Exchange 2007 – 64-bit Impact

Jimmy tries to understand ironingStu asked a very interesting question in response to my last post:

The risk for any new product as you mention is that of the unforeseen critical bugs generally addressed within the first few months after wide scale deployments. For Exchange 2007 I’d be interested in reading your views on what the risks are, if any, in this new release from running on 64bit OS through to the new product architecture.

The move to 64-bit clearly has built into it a set of risks of bugs. The key question is whether they are Exchange 2007 risks, Windows 2003 64-bit risks.

If they are Exchange 2007 risks then they are very new.

If they are Windows 2003 64-bit risks then they have been around for a while.

Windows 2003 64-bit has been running 64-bit applications for some time already; SQL Server 2005 was released in January 2006 for instance. Windows 2003 64-bit has been around since the middle of 2005. So the risks of there being a show-stopper in the critical memory and storage subsystems are likely to be quite. They should have probably been uncovered already. Although, having said that, I would be surprised if the Windows 2003 64-bit systems already deployed support anything like the 130 million existing Exchange population.

It is the interaction of the Jet database with the memory and storage subsystems that have given Exchange the biggest problems in recent times.

So if we can have some level of confidence that the memory and storage subsystems are sound, what about the database itself?
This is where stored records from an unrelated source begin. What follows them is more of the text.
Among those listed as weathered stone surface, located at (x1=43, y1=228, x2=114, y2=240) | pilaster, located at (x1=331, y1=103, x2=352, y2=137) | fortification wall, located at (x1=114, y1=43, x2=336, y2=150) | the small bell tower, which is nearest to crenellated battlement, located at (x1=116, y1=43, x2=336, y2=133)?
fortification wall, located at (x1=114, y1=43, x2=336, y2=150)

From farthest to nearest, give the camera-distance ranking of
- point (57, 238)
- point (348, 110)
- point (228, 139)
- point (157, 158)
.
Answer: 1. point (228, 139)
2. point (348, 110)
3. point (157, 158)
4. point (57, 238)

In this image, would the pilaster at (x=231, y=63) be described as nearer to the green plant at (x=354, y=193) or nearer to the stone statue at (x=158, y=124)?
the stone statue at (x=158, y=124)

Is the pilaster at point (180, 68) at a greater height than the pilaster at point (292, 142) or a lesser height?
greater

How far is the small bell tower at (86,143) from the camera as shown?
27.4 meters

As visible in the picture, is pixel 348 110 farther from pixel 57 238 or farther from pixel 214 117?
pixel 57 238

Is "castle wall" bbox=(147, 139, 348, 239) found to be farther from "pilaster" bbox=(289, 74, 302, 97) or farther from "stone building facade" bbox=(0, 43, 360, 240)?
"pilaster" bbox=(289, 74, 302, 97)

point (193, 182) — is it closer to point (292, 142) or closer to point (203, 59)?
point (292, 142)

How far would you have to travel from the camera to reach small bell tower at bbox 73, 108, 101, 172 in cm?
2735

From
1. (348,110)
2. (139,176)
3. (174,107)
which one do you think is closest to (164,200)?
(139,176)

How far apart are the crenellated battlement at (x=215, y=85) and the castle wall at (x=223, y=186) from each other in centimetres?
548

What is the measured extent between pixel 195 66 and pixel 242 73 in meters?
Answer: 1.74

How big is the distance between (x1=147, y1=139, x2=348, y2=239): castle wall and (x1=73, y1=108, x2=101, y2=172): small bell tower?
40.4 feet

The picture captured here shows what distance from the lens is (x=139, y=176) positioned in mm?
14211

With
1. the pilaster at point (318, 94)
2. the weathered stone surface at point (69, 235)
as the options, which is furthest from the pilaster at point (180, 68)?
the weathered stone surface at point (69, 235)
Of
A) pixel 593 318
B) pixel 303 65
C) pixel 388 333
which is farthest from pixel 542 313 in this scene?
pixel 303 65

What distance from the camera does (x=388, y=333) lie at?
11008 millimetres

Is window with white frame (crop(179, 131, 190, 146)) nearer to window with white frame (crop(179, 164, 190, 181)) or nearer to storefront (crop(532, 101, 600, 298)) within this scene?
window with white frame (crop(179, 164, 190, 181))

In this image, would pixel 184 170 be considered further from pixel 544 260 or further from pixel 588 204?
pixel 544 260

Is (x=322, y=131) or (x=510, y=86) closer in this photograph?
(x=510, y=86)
I don’t know, but I suspect that the development team have been in the process of removing code here, rather than adding it in. The Exchange database had to perform all sorts of tricks to operate within the constraints of the 32-bit platform, a limitation that is not longer there. If the code has become simpler then it can probably be relied on even more, but now I sound like I’ve taken the cool-aid.

My perception is that overall the move to 64-bit will make life a lot simpler, it does however have a significant set of risks associated with it.